Mas estas mudanças ao software são fáceis de implementar, são pequenas variáveis que rapidamente se alteram. As mudanças mais importantes, por outro lado, vão demorar mais tempo.
Para contrariar e equilibrar o software é necessário muita mais inovação no hardware. E isso demora tempo. As marcas têm que ultrapassar a ignorância de telemóveis finos e passar a desenhar telemóveis para pessoas normais usarem. Câmaras com maiores e melhores sensores devem ser desenvolvidas para que mais facilmente se implemente zoom ótico ou aberturas variáveis. Estas mecânicas só podem ser corretamente implementadas se tiverem o espaço necessário.
E, aliás, estas implementações nem seriam inovações pois já foram criadas há muitos anos atrás em outros telemóveis.
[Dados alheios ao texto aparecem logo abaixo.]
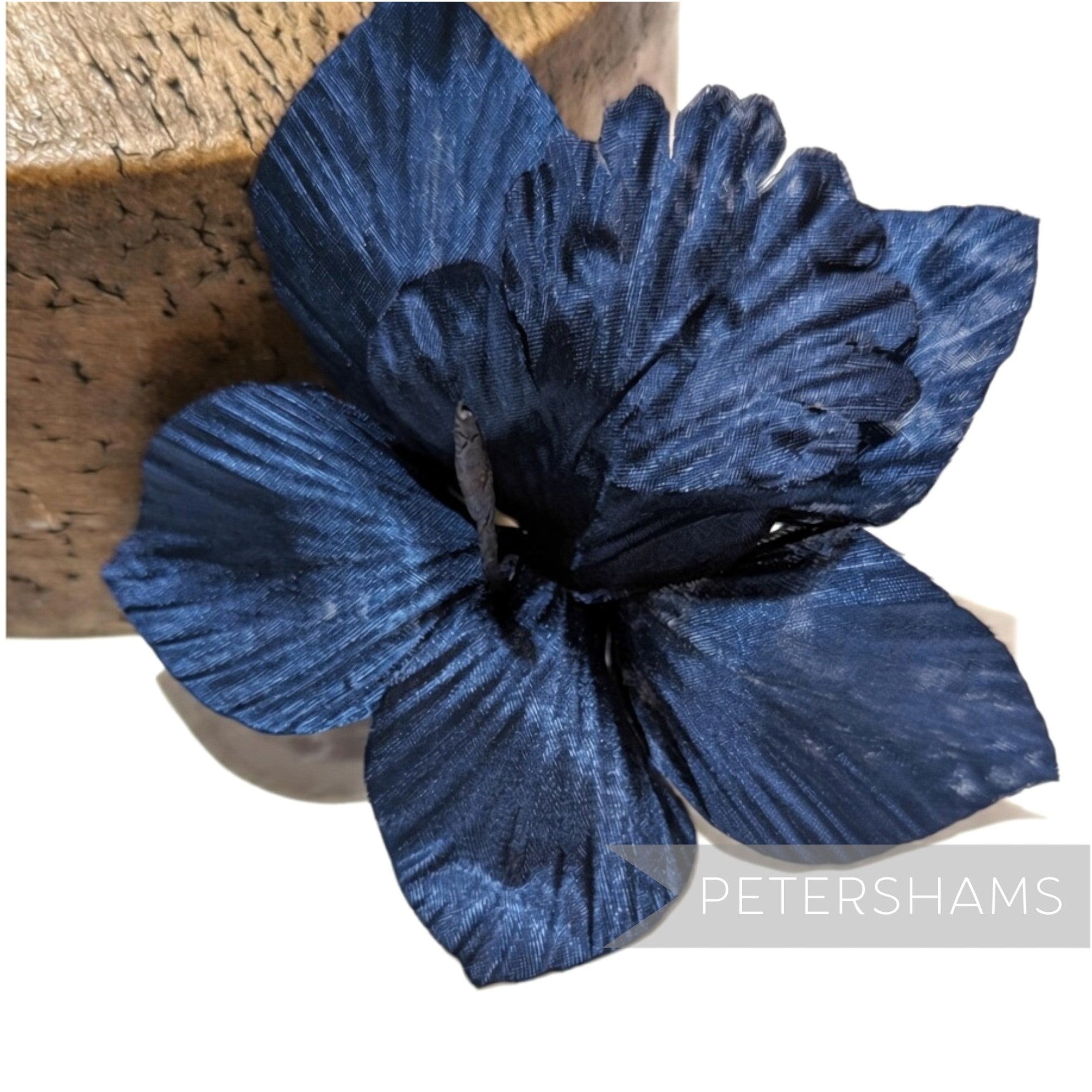 Petershams Millinery Supplies Coco navy blue silk orchid flower hat mount for fascinators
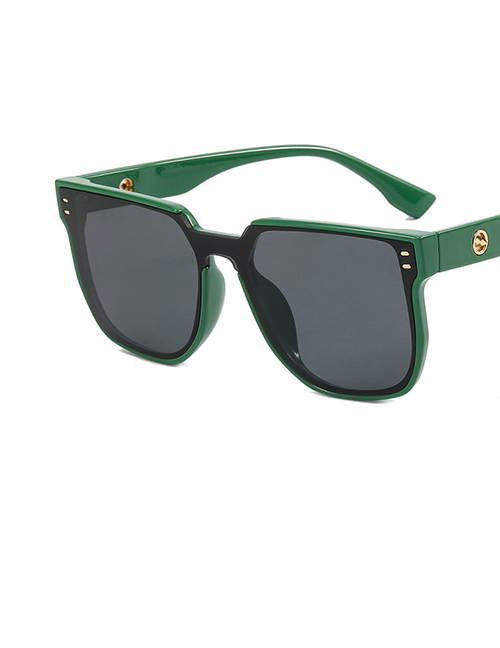Fashion Green Frame All Grey Pc Square Large Frame Sunglasses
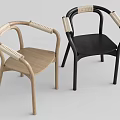 Modern Minimalist Dining Chairs With Woven Armrests In Light Wood And Black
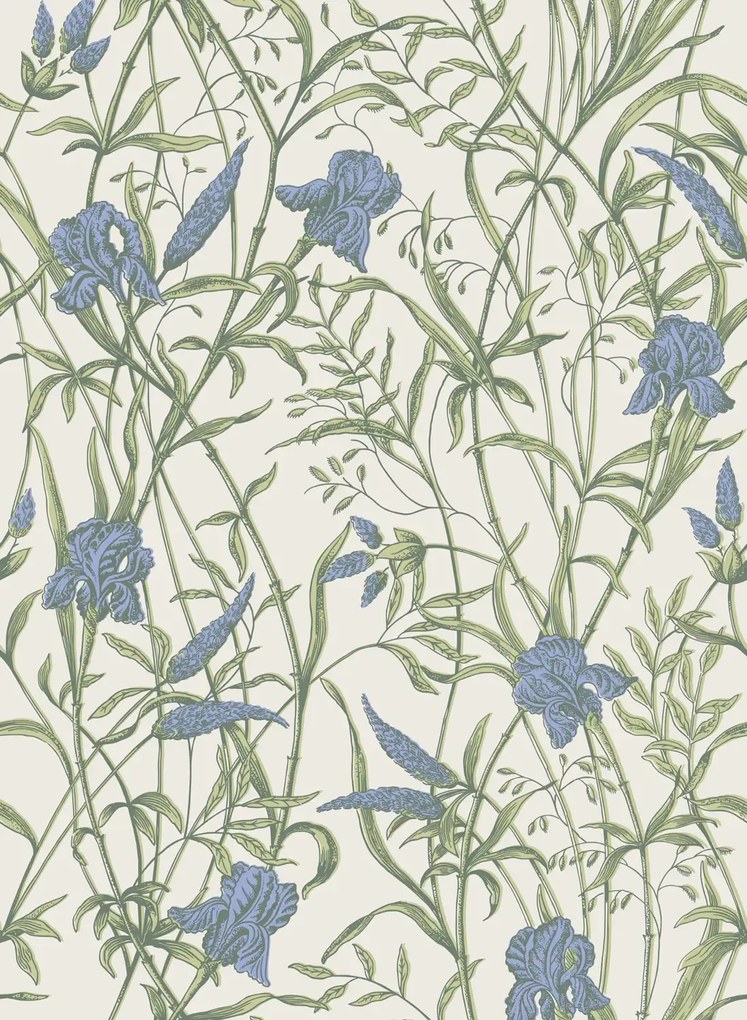 Cole & Son Carta da parati Iris - Iris Blue on Stone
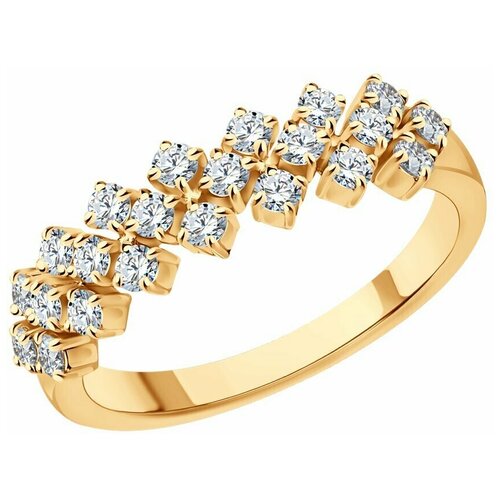 Кольцо SOKOLOV, красное золото, 585 проба, бриллиант, размер 18 кольцо из золота 110225 22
O Nokia N86, lançado em 2009, tem uma abertura variável em 3 posições e o Galaxy S9 tem duas. O Asus ZenFone Zoom tem um zoom ótico de 3x. E, o Lumia 1020, o último grande telemóvel fotográfico da Nokia, tem um sensor com 41MP, estabilização ótica e um verdadeiro flash. Ou seja, em vários aspetos, o que se quer é um revisitar de inovações passadas.
Estas inovações não devem tentar copiar câmaras profissionais, pois isso seria insensato. Ao invés, devem servir para dar mais liberdade aos consumidores e estabelecer uma ponte entre telemóveis e câmaras profissionais, onde os telemóveis não tentam competir com equipamento profissional, mas sim dar uma boa base maleável a cada consumidor, um equilíbrio entre automático e manual.
Mas para conseguirmos este equilíbrio entre o software e hardware, é preciso acabar com os ciclos de lançamentos anuais. São absolutamente desnecessários e destrutivos para o consumidor. Não só são lançados telemóveis a cada ano com quase diferenças nenhumas, como também não são corretamente trabalhados e, consequentemente, são telemóveis desenhados para durar poucos anos. Idealmente, telemóveis seriam lançados a cada 2 ou 3 anos, onde existe tempo suficiente para trabalhar e melhorar existentes e novas tecnologias. Só assim se conseguiria o incentivo para desenvolver tecnologia a longo prazo, para o nosso benefício e não tretas derivativas sem utilidade nenhuma que são usadas apenas para vender. Nestes ciclos trianuais, os telemóveis seriam mais caros, mas também muito melhores e com uma longevidade muito maior.
É também de salientar a depressão que é ver a Nokia no seu atual estado. Em tempos, era ela que definia a tecnologia de câmaras nos telemóveis, tendo sido a pioneira em sensores maiores, aberturas variáveis, lentes, flashes e estabilização ótica. Mas agora é apenas mais uma marca a tentar colocar mais sensores nos seus telemóveis, para mascarar a quantidade de qualidade.